Since the early 1980s, private equity investors have heralded and shepherded massive changes in American capitalism. From outsourcing to excessive debt taking, private equity investment helped normalize once-taboo business strategies while growing into an over $3 trillion industry in control of thousands of companies and millions of workers. Daniel Scott Souleles opens a window into the rarefied world of private equity investing through ethnographic fieldwork on private equity financiers. Songs of Profit, Songs of Loss documents how and why investors buy, manage, and sell the companies that they do; presents the ins and outs of private equity deals, management, and valuation; and explains the historical context that gave rise to private equity and other forms of investor-led capitalism.

In addition to providing invaluable ethnographic insight, Songs of Profit, Songs of Loss is also an anthropological study of inequality as Souleles connects the core components of financial capitalism to economic disparities.

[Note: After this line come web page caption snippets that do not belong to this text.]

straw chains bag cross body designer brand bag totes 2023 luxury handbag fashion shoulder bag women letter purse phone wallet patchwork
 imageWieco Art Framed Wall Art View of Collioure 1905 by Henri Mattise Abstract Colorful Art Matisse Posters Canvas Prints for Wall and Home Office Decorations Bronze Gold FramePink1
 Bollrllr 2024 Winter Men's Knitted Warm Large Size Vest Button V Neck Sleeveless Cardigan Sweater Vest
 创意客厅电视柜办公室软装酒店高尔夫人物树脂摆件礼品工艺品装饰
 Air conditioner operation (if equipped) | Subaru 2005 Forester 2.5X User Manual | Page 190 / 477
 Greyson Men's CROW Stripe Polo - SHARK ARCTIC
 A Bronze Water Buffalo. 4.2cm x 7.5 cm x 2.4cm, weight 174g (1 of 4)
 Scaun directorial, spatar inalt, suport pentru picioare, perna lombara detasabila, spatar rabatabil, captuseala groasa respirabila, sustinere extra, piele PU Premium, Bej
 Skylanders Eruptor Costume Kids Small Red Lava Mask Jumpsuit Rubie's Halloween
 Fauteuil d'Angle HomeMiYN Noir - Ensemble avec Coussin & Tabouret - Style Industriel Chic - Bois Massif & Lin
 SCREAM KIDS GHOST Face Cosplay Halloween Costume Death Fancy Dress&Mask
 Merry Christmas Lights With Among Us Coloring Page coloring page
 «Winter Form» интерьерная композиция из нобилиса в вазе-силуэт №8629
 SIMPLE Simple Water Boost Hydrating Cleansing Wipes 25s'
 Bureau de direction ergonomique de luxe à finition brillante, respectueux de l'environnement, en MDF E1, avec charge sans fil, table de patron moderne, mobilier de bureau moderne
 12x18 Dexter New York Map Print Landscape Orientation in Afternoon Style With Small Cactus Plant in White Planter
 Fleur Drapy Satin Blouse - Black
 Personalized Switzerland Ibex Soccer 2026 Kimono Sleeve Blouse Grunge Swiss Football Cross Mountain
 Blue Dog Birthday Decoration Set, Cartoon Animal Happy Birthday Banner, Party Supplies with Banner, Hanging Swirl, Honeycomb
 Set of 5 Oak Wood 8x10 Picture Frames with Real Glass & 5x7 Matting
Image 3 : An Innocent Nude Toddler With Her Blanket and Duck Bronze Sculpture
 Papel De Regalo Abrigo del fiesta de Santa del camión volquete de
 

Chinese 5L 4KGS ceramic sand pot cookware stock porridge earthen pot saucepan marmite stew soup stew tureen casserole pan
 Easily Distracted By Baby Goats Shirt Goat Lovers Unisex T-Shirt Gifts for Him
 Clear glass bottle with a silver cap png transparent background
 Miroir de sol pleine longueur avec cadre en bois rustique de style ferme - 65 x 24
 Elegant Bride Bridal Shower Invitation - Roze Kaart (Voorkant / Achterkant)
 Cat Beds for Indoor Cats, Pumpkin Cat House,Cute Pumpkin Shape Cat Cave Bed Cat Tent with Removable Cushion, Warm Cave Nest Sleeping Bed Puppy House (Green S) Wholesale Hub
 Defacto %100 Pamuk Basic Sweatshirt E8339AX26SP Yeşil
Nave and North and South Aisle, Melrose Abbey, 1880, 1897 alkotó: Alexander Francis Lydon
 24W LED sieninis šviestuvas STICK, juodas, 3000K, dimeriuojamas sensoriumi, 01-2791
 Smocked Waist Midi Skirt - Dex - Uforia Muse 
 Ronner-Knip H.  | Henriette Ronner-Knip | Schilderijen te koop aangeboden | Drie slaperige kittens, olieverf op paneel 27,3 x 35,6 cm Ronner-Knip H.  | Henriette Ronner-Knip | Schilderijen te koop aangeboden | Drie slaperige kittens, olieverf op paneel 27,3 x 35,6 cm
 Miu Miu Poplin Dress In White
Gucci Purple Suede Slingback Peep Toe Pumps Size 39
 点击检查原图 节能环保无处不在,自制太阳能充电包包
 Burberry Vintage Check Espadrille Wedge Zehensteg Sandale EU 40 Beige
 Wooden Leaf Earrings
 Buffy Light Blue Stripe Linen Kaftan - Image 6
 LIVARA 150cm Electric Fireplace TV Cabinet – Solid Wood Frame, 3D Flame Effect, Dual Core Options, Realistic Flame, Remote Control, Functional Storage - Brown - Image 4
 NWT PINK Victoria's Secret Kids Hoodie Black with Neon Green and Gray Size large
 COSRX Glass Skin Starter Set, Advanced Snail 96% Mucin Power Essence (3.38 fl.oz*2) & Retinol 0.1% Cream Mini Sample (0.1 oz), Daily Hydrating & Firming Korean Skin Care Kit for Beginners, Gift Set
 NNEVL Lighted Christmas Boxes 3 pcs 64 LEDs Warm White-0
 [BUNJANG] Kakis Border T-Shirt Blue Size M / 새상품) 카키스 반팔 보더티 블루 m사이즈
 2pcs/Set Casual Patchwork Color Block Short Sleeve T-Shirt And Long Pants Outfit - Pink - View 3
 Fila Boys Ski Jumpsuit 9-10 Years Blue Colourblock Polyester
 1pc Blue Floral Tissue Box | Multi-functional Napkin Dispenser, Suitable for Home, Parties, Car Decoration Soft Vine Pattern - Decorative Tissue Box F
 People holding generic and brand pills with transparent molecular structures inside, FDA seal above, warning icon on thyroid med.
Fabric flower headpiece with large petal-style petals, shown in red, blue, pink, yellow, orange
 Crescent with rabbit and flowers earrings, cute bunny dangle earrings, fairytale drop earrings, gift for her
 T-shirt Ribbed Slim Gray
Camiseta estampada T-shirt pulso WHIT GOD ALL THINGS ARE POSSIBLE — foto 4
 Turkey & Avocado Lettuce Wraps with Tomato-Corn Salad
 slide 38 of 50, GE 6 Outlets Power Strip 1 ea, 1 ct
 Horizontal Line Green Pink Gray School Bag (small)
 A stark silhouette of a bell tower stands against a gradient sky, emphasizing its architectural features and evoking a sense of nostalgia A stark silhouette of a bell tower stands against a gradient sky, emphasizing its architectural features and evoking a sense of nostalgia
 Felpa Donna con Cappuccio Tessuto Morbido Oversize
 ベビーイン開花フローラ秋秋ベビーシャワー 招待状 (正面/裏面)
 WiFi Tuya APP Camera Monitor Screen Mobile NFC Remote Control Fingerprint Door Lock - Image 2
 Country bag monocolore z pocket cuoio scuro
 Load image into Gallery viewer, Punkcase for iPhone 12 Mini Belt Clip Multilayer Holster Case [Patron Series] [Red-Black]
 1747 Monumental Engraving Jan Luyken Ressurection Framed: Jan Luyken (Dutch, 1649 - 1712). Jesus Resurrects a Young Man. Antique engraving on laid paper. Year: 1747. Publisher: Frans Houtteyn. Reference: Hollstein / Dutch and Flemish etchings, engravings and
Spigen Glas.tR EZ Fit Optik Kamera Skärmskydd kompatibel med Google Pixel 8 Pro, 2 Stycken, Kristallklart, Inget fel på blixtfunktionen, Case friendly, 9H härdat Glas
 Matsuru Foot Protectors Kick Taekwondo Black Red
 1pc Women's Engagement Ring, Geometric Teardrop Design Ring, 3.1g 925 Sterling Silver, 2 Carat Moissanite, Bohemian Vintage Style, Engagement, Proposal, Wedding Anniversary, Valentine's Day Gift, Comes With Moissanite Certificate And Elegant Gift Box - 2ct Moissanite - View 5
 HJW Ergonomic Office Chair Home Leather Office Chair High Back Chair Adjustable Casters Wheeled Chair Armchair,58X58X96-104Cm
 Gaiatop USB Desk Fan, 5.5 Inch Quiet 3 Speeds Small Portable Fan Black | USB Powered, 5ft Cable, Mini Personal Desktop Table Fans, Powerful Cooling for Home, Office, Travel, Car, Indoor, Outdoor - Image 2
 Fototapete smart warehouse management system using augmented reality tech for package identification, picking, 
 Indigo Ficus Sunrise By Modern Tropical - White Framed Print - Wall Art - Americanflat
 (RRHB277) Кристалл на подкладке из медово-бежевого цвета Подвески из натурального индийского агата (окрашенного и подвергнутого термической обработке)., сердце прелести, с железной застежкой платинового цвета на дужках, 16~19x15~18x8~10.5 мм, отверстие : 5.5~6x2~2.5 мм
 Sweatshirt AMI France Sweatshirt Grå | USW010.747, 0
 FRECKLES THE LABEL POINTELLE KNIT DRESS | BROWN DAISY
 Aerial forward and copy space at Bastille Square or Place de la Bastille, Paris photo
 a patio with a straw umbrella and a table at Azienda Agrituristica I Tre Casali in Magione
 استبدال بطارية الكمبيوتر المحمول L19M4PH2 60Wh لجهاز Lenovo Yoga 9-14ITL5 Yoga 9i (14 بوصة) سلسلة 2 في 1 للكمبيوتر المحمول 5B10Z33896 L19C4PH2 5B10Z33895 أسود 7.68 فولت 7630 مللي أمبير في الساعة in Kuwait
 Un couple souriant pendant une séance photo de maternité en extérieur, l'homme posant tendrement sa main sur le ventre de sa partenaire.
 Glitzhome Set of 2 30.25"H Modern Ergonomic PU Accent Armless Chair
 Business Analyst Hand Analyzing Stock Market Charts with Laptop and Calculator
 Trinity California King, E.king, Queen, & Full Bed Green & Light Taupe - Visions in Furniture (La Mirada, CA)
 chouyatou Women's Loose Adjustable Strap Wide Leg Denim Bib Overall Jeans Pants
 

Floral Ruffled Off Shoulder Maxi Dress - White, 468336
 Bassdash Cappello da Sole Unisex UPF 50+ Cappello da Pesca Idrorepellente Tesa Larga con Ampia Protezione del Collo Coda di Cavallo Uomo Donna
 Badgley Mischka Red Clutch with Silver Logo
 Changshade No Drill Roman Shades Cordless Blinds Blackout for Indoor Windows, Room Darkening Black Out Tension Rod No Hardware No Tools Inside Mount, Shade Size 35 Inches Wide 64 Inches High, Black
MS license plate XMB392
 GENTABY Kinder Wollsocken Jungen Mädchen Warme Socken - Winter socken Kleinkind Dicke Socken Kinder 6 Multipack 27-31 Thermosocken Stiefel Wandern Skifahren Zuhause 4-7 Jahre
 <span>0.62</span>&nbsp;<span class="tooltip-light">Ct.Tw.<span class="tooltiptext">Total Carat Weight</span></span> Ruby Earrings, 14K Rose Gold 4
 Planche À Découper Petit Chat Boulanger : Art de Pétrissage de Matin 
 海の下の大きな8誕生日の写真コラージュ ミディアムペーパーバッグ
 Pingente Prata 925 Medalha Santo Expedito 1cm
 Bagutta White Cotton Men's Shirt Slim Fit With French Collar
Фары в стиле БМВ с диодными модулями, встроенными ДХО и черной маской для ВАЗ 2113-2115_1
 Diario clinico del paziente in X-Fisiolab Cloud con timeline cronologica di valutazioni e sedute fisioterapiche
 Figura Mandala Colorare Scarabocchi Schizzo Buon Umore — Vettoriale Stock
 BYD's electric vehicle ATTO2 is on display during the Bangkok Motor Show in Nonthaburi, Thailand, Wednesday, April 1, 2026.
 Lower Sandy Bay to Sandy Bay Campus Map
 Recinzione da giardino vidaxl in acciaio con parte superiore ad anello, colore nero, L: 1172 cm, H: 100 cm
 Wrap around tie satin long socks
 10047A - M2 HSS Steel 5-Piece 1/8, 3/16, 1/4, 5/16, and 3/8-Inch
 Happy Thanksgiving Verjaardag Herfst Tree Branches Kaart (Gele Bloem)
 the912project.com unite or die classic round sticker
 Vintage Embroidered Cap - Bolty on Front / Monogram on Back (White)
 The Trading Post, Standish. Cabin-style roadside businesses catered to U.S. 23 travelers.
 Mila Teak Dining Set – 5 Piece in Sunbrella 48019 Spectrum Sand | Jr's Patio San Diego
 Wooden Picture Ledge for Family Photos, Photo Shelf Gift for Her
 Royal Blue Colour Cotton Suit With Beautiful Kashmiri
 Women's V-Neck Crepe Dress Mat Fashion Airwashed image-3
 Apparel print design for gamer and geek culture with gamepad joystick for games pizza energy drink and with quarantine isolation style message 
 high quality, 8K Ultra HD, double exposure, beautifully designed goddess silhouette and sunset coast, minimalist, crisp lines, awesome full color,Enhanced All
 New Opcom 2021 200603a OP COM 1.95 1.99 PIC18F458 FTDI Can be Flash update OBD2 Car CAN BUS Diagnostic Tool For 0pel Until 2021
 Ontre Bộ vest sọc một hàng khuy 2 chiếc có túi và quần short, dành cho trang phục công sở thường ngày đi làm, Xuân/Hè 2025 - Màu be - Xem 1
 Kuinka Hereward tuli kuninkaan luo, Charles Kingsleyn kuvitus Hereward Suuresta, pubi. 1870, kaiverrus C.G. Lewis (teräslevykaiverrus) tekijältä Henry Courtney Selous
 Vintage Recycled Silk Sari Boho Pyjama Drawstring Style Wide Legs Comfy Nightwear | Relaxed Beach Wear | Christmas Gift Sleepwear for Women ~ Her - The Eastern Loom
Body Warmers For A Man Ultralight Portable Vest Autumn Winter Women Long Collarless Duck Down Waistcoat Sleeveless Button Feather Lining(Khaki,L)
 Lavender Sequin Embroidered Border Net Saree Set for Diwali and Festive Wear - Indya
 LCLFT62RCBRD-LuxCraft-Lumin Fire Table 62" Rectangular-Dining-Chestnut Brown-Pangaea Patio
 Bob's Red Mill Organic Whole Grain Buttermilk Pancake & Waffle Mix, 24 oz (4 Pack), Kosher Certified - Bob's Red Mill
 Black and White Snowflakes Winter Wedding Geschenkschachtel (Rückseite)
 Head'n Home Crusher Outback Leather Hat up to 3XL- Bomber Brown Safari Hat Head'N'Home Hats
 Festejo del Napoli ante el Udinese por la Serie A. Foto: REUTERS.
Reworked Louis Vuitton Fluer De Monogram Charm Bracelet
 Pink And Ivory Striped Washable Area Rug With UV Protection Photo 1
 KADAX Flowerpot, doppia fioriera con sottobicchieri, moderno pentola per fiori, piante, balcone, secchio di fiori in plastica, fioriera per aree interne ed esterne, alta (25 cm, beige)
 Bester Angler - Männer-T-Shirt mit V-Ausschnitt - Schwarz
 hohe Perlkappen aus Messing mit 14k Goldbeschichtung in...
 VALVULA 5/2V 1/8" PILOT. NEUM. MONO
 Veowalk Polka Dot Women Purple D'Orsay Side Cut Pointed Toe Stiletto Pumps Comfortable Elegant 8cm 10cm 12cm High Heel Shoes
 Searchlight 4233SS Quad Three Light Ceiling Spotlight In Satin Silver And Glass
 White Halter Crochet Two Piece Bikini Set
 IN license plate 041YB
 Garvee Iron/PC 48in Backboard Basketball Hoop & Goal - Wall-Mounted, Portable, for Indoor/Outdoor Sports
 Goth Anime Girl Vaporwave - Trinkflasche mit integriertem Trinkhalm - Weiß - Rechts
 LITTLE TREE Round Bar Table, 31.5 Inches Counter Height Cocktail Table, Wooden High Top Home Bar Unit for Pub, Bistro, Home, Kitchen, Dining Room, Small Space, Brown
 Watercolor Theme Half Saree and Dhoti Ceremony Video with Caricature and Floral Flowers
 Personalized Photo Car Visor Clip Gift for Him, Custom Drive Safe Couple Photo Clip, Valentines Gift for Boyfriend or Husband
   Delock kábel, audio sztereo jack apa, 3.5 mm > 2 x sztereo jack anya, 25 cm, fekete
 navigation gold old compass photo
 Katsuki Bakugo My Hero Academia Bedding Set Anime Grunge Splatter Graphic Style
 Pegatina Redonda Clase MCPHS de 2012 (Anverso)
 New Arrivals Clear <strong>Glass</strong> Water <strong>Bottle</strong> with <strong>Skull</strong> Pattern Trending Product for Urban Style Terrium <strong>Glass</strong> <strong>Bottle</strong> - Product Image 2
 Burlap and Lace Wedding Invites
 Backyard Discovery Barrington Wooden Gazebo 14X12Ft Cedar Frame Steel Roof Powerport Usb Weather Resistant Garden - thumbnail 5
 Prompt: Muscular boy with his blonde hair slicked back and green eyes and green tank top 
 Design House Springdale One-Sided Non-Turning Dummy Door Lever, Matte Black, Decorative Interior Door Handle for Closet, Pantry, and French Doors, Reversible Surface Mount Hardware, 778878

Souleles uses local ideas of “value” and “time” to frame the ways private equity investors comprehend their work and to show how they justify the prosperity and poverty they create. Throughout, Souleles argues that understanding private equity investors as contrasted with others in society writ large is essential to fully understanding private equity within the larger context of capitalism in the United States.

Reviews and Interviews:

Songs of Profit, Songs of Loss addresses the recent financial catastrophe through a study of private equity companies. The sequence of argument follows the anthropologist’s journey as a field researcher in a movement made compelling by his jargon-free and fluent prose.”—Keith Hart, coauthor of Economic Anthropology: History, Ethnography, Critique

Author interview with Marketplace Morning Report.

Twitter:

A Word from the Author:

The highlight of publishing the book has been learning that it was adopted in an ethnographic methods seminar at Brandeis University. The students read the book in full and used it as well as other course material to plan out their own ethnographic projects. I was able to beam in via video chat and talk to the students about imagining their own projects and answering questions they had about my book.

What was particularly exciting for me was that my book was able to show them that anthropology could work even if you were studying people like financiers and private equity investors. There are creative methods you can use to get around not having a field site; and it’s OK to study at home. The students also were reassured that anthropology or academic writing didn’t need to be boring, and could be done in an entertaining way.

One final thing which was really satisfying for me—the students also took to hear the message that they should understand financial capitalism as structuring parts of their own lives. And, while this can be a bit uncomfortable, it can also give you grounds for critique and action.